TASK:
Repeat only the lines from the one containing "Energimax- Electricidad" to the final line below, exactly as they read, and leave every picture out.

Records excerpted from a collection:
▼
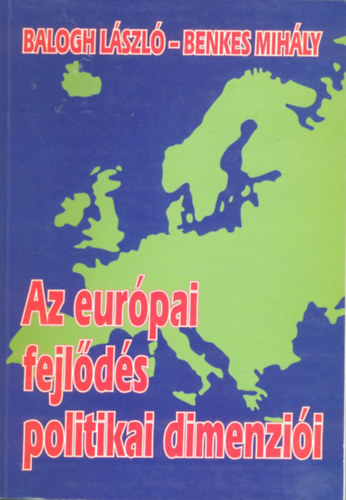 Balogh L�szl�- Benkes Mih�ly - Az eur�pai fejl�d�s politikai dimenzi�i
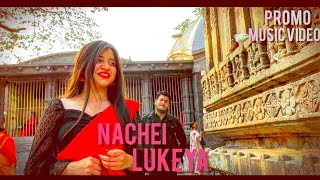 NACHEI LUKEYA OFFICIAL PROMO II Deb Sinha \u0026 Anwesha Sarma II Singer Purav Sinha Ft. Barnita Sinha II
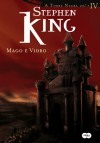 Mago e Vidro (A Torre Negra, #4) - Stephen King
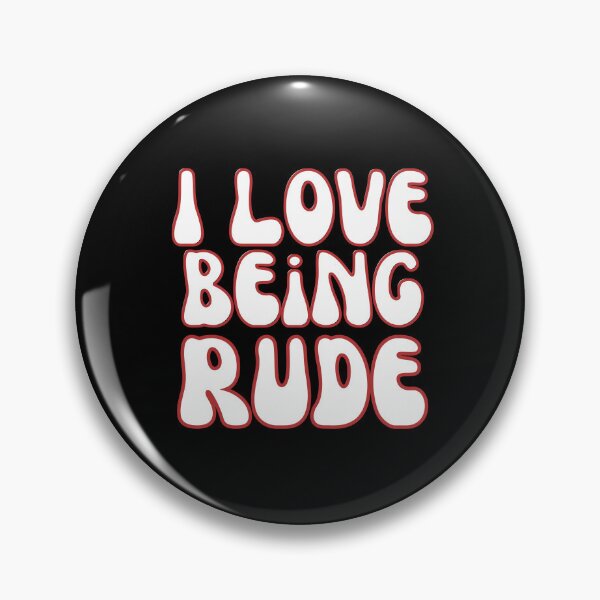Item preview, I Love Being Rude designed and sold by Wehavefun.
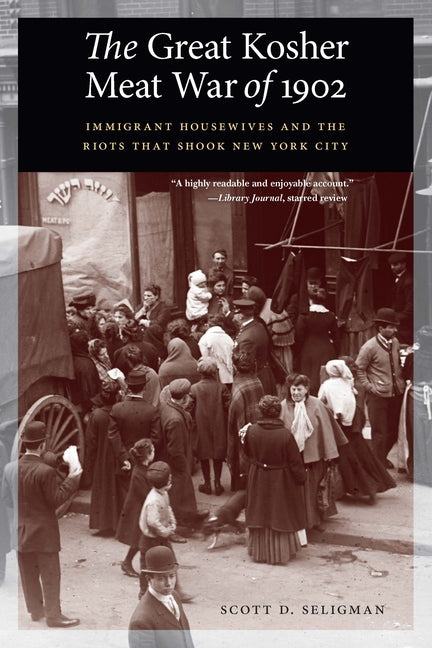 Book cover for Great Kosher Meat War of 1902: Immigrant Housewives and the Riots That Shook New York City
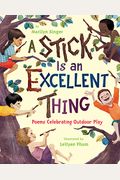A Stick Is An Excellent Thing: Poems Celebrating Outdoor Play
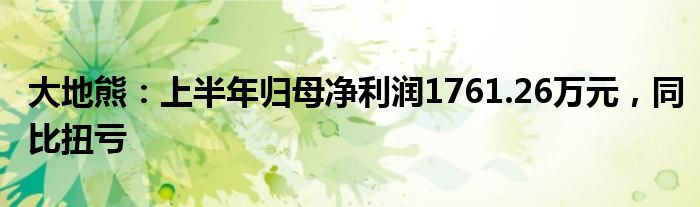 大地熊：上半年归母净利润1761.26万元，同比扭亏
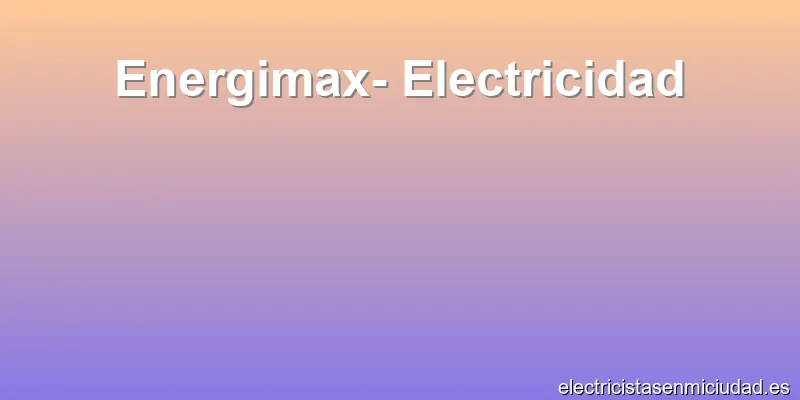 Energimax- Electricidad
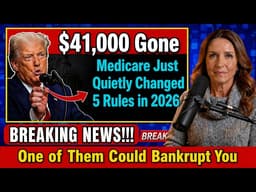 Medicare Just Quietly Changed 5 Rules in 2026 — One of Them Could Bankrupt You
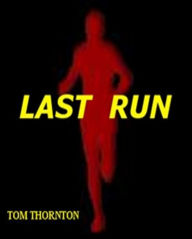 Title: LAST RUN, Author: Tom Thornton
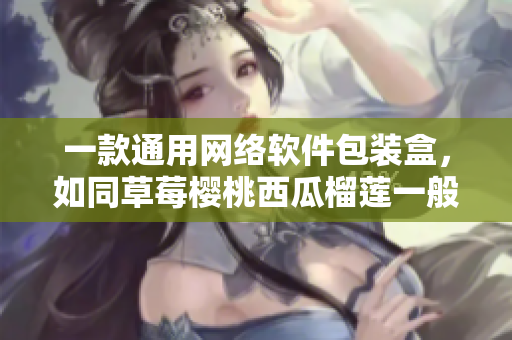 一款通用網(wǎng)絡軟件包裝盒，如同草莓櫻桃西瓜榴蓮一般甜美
▲
OUTPUT FOR THIS EXERCISE:
 Energimax- Electricidad
 Medicare Just Quietly Changed 5 Rules in 2026 — One of Them Could Bankrupt You
 Title: LAST RUN, Author: Tom Thornton
 一款通用網(wǎng)絡軟件包裝盒，如同草莓櫻桃西瓜榴蓮一般甜美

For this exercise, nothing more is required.